Task instructions → From the line with "Blue watercolour wedding stationery" to the line with "Nike Orange Multicolor Flyknit Running Shoes", retype every line exactly, including those two, and leave out the rest of the data below.

Stored records:
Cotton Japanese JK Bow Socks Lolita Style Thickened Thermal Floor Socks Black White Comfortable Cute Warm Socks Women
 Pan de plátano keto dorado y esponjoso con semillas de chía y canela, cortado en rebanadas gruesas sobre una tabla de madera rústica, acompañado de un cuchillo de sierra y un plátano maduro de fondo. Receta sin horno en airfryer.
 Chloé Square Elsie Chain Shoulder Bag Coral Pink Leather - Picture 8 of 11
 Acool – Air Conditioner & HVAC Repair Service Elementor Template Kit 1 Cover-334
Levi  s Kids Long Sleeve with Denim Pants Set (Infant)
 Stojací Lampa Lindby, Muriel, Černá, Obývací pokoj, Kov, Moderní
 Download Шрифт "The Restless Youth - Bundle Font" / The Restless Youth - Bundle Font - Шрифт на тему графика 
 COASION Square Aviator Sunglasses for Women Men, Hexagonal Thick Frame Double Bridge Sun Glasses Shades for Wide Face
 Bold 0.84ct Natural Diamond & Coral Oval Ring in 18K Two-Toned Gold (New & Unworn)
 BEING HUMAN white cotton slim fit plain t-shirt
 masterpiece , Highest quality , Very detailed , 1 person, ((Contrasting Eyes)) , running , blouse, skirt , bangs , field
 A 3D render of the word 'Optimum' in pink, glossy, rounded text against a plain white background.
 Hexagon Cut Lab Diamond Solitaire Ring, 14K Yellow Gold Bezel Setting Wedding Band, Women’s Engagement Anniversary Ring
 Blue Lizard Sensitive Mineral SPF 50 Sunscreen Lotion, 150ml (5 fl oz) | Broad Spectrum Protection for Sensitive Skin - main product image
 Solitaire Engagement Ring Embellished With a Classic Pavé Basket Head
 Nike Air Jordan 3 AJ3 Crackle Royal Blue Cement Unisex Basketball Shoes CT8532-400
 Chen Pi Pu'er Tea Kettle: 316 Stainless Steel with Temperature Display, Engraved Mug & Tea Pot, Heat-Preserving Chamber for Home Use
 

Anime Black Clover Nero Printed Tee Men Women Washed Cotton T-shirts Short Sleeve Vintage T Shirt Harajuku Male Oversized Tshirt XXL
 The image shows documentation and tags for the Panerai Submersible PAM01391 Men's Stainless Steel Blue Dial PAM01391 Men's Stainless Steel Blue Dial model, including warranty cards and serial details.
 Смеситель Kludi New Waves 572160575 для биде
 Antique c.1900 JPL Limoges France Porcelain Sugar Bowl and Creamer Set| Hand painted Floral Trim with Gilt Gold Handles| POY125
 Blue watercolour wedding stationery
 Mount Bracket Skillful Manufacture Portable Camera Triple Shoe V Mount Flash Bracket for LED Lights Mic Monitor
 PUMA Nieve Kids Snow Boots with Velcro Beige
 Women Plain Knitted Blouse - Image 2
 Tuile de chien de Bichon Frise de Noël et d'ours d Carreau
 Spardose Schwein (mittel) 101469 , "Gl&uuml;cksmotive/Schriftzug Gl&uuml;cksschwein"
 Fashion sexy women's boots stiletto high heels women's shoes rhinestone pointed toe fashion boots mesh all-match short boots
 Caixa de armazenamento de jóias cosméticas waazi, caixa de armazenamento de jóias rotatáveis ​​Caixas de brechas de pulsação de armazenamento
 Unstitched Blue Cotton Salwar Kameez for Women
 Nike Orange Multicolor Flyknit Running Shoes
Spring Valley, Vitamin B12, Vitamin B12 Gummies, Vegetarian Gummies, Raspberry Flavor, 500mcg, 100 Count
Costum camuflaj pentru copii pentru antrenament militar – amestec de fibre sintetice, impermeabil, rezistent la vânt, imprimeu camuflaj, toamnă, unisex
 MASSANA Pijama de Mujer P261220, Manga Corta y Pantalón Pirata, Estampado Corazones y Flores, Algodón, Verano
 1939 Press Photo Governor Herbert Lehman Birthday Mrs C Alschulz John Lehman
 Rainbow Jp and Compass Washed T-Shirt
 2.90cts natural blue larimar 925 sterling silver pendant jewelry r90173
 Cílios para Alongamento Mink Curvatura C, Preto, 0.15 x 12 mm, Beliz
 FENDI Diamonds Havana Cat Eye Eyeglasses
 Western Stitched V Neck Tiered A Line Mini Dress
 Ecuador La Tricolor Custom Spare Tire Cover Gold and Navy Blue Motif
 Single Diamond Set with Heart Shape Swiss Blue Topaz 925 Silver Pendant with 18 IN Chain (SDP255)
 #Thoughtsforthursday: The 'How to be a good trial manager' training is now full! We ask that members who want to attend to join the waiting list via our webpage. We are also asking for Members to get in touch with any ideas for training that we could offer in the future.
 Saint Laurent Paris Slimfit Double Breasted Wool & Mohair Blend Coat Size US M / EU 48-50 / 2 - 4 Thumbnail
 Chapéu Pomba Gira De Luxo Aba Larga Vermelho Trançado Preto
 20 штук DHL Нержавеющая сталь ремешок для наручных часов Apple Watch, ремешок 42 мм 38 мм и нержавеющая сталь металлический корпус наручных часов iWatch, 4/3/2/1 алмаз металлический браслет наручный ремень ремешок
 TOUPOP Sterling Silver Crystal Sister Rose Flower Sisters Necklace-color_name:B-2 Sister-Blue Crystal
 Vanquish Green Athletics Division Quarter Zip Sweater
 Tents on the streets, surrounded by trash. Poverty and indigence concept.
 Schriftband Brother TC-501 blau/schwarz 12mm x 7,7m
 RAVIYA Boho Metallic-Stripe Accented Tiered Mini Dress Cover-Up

Completed exercise →
 Blue watercolour wedding stationery
 Mount Bracket Skillful Manufacture Portable Camera Triple Shoe V Mount Flash Bracket for LED Lights Mic Monitor
 PUMA Nieve Kids Snow Boots with Velcro Beige
 Women Plain Knitted Blouse - Image 2
 Tuile de chien de Bichon Frise de Noël et d'ours d Carreau
 Spardose Schwein (mittel) 101469 , "Gl&uuml;cksmotive/Schriftzug Gl&uuml;cksschwein"
 Fashion sexy women's boots stiletto high heels women's shoes rhinestone pointed toe fashion boots mesh all-match short boots
 Caixa de armazenamento de jóias cosméticas waazi, caixa de armazenamento de jóias rotatáveis ​​Caixas de brechas de pulsação de armazenamento
 Unstitched Blue Cotton Salwar Kameez for Women
 Nike Orange Multicolor Flyknit Running Shoes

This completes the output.